Die Wilis in John Neumeiers „Giselle“ bei Giselles Grab, das sich nicht auf dem Friedhof befindet, weil Giselle von der Kirche nicht für ehrbar gehalten wird. Aber die Liebe ist stärker! Foto: Marcus Renner

Die so genannte Kindsmörderin, die ihre Schwangerschaft verheimlichen wollte und ihr Baby gleich nach der Geburt umbrachte, war im 19. Jahrhundert ein bekanntes Problem: Häufig wurden pubertierende Mädchen wegen Mordes an ihrem von niemandem unerwünschten Kind hingerichtet. Susanna Brandt in Frankfurt am Main ist die berühmteste solcher Frauen: Johann Wolfgang von Goethe nahm sie zum Vorbild für seine Margarete im „Urfaust“ und „Faust“.
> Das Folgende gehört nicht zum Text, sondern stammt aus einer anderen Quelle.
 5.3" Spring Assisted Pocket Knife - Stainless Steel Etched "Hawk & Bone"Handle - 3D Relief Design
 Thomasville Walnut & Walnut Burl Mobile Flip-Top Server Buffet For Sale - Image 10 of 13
Im Ballett jedoch erhält sie eine Folie der Fantasie, die aus ihr einen Racheengel macht: Die Wilis, theatertechnisch inspiriert von den um Mitternacht auf den Gräbern tanzenden Nonnen aus der Oper „Robert le Diable“, machen aus verdächtigen und zu verurteilenden jungen Frauen eine Art Heldinnen der späten Rache.

EIN PHILOSOPHISCHER TOD

Man stelle sich Nebelschwaden vor, aus denen hübsche, totenweiß gekleidete Frauen erwachsen, die wie Nymphen anmutig und einmütig einher tänzeln – und an denen man dennoch verzweifeln möchte, weil man sie haben möchte, aber nicht haben kann; man möchte allen Glauben aufgeben, weil sie einen an die (womöglich beim illegalen Schwangerschaftsabbruch) verblichene Geliebte erinnern und dennoch so ganz anders sind als die lebendigen Feen der Liebe. Die Wilis sind nämlich tödlich! Und man(n) tanzt sich wegen ihnen zu Tode, aus lauter Habenwollen und Nichtmehrhabenkönnen, aus lauter Sehnsucht nach einer Liebe, die es nicht mehr gibt. Das hat schon was Philosophisches, wenn man es so besieht.
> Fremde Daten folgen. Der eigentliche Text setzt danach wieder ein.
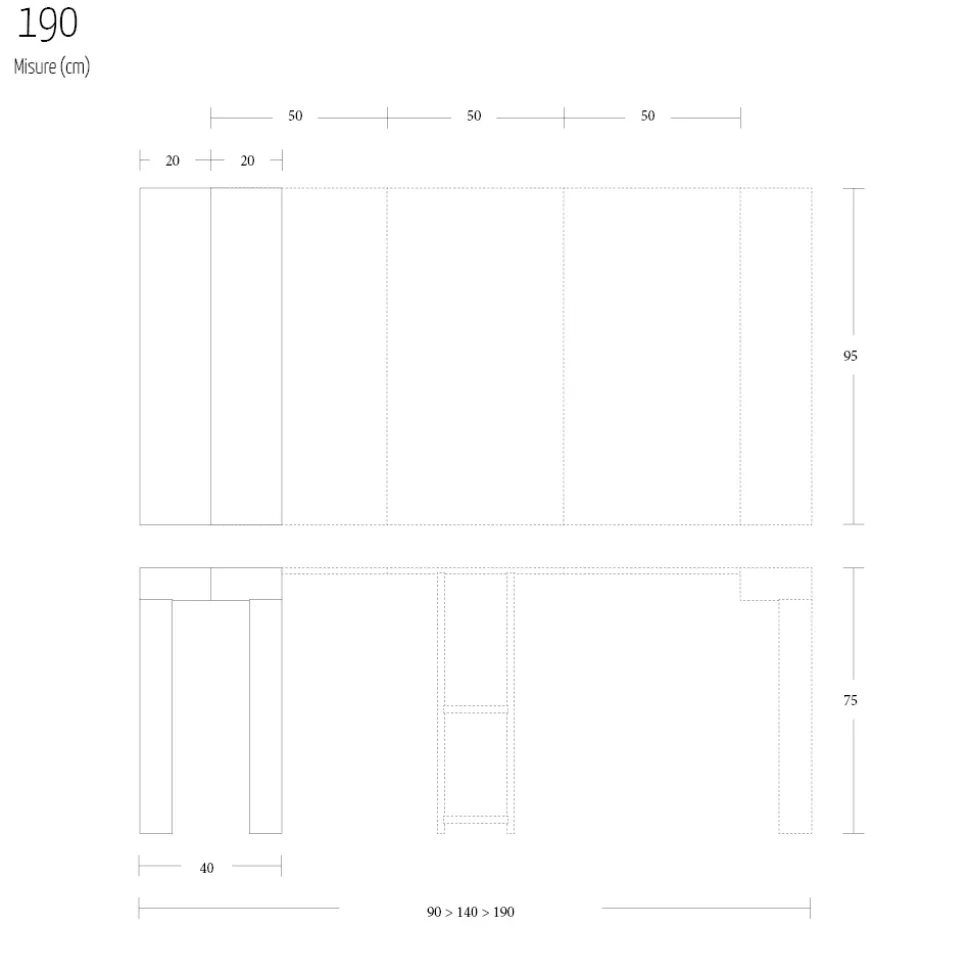 Consolle Allungabile a 290 cm in Legno Nobilitato Made in Italy - Paride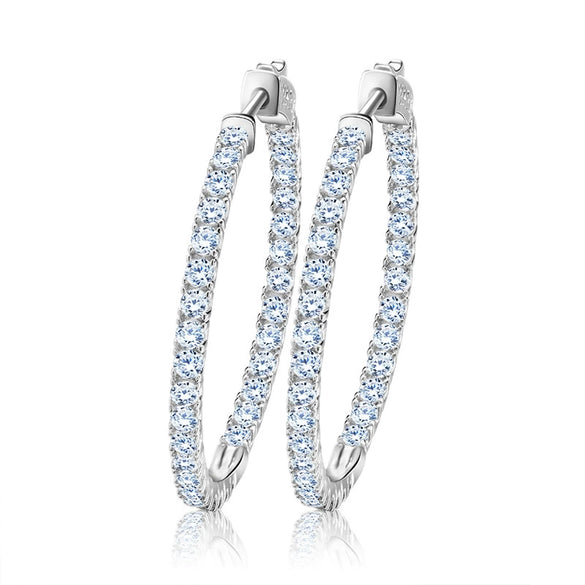 Women's Brass Plated Platinum Geometric Circle Earrings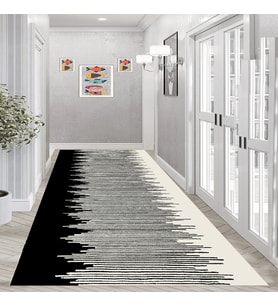 Eliana Home Dijital Baskı Yıkanabilir Kaymaz Taban Salon Halısı Ve Yolluk LN115-FNL421 (Siyah)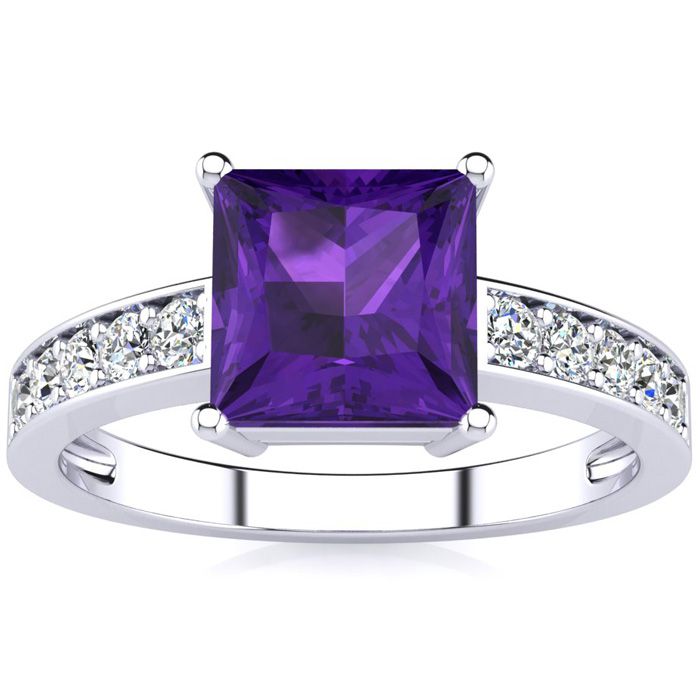 Square Step Cut 1 2/3 Carat Amethyst & Diamond Ring in 14K White Gold (3.40 g),  by SuperJeweler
Die Königin der Wilis heißt zudem auch noch verlockend Myrtha – nach der hübschen Myrthe, dem Brautschmuck – und damit wird die zweite, durchaus dekadente Lesart der Wilis angesprochen: Die weißen Tüllröcke der Wilis erinnern an Brautkleider, und mit Efeu berankt und mit Blumen bekränzt, rauschen diese seltsamen Wesen denn auch traditionell brautähnlich über die nächtliche Szenerie. Über den Tod als Braut ist viel gedichtet worden – hier ist er zudem so tänzerisch-mutwillig wie eine Frühlingselfe.
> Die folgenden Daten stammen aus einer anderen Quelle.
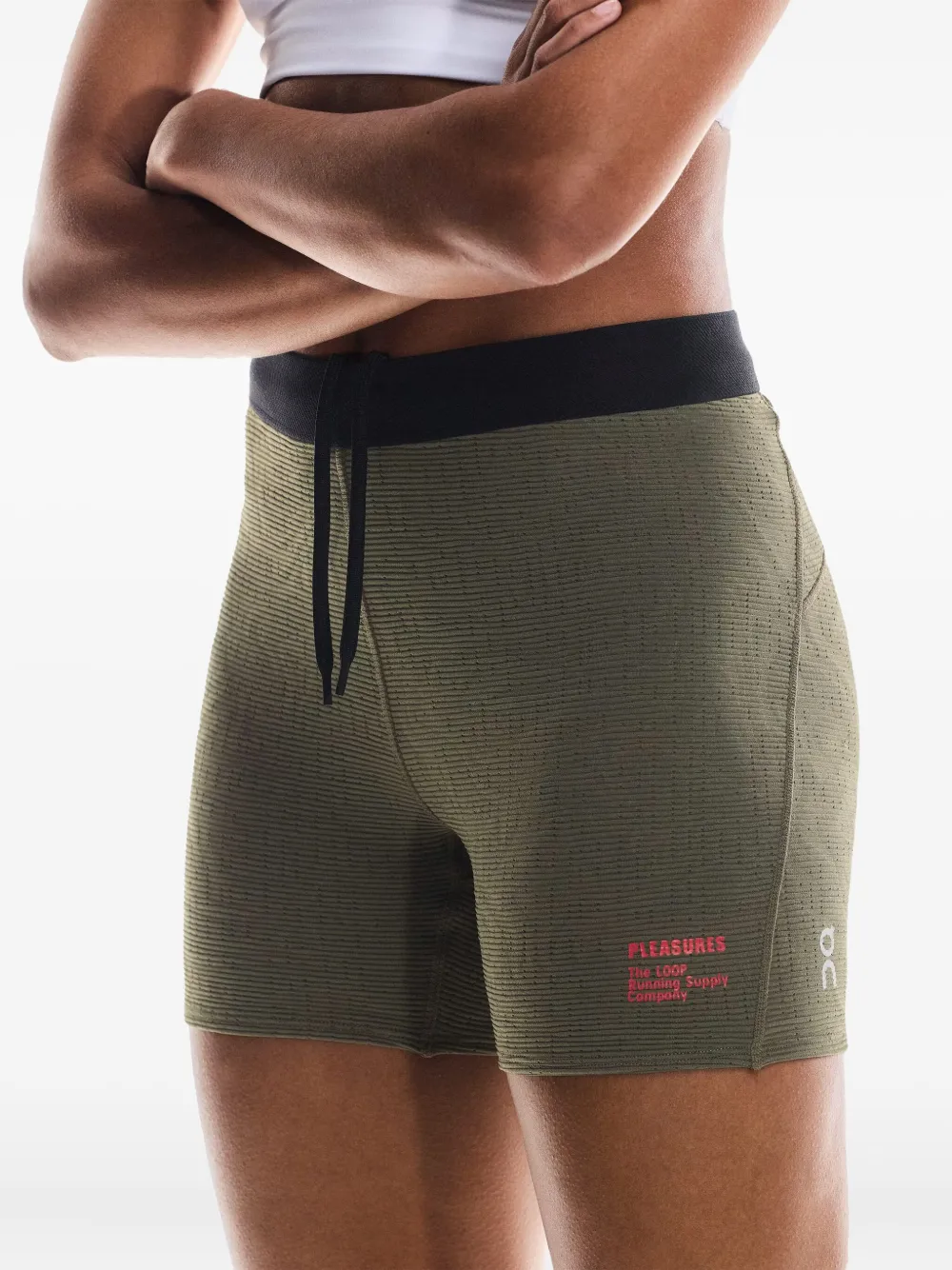 On Running X Pleasures X The Loop Textured High-waisted Shorts In Gray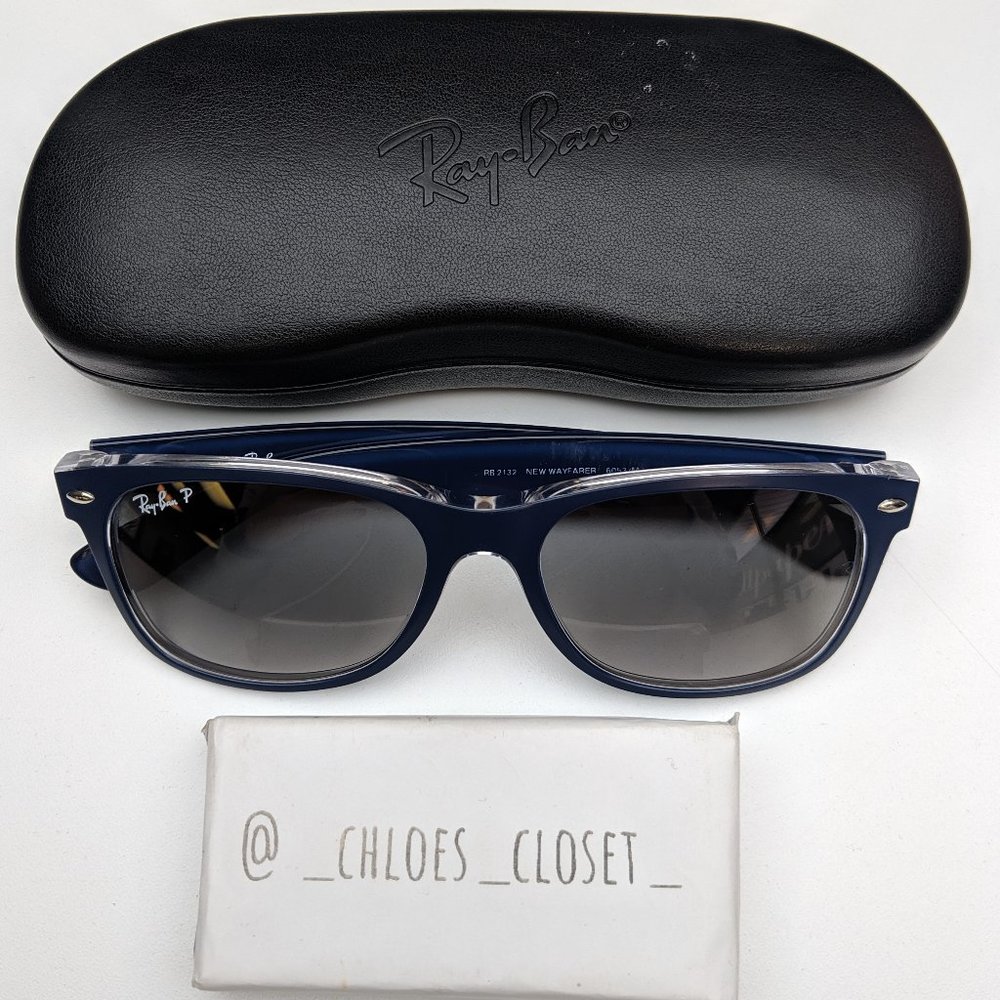 Ray-Ban Navy Blue Wayfarer Sunglasses with Gray Gradient Lenses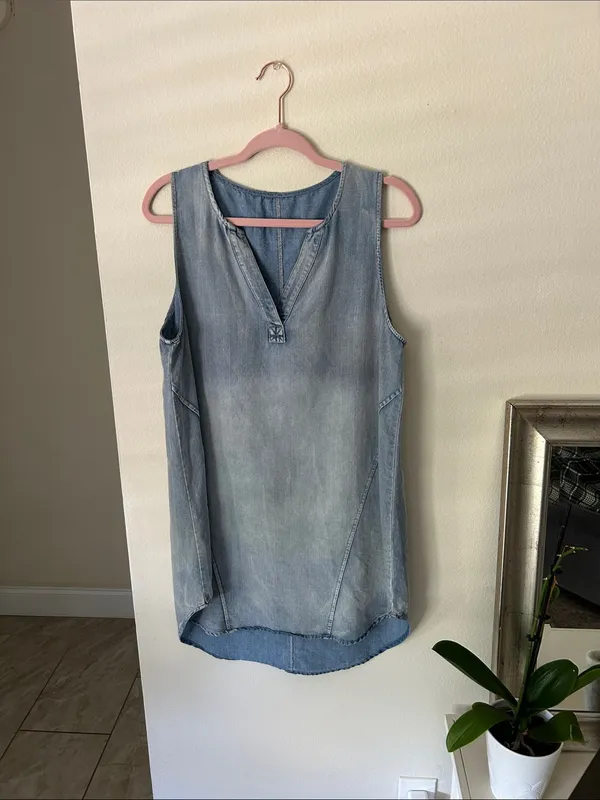 Cupshe Everyday Denim v neck boho western cotton pop over Mini Dress L - Image 2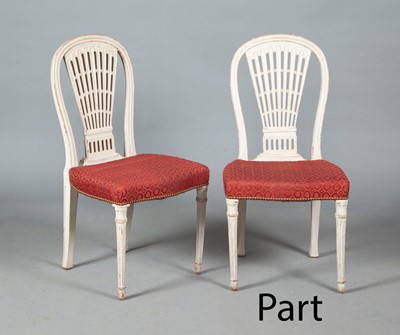 Lot 203 - Set of Ten Louis XVI Style Upholstered Painted Wood Dining Chairs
Anna Laudere ist als Myrtha bei den 41. Hamburger Ballett-Tagen mädchenhaft, zurückhaltend, wunderbar schwebend, technisch brillant, aber nie so eiskalt-diamanten gewesen, dass man sagen könnte, das Böse sei am Ende schöner als das Gute in diesem Stück. Es gehört zur festen Einrichtung in Neumeiers Interpretation des Stücks, dass das Diabolische eben in keiner Hinsicht wirklich letztgültig triumphieren kann. Schon gar nicht in ästhetischer Hinsicht! Darum muss Neumeiers Myrtha sich zurücknehmen und sozusagen als vermenschlichte Nebelschwade ganz leicht, ganz luftig wirken – und zugleich bemitleidenswert entseelt, was Anna Laudere meiner Ansicht nach in höchstem Maße gelang. Dabei muss man, zumal im Vergleich mit den verherrlichten Totenköniginnen in anderen „Giselle“-Fassungen, von einer im Grunde undankbaren Partie sprechen: das Aufregend-Emotionale, das Tollkühn-Exotische, das Rasant-Glitzernde muss diese Myrtha den Damen und Herren überlassen, die auch im ersten Akt auftreten. Neumeiers Myrtha braucht also viel, viel Nonchalance – und die Lässigkeit, ihre Sache perfekt zu machen, ohne dafür besonders belohnt zu werden. Eine sehr lehrreiche Aufgabe für Ballerinen, im übrigen!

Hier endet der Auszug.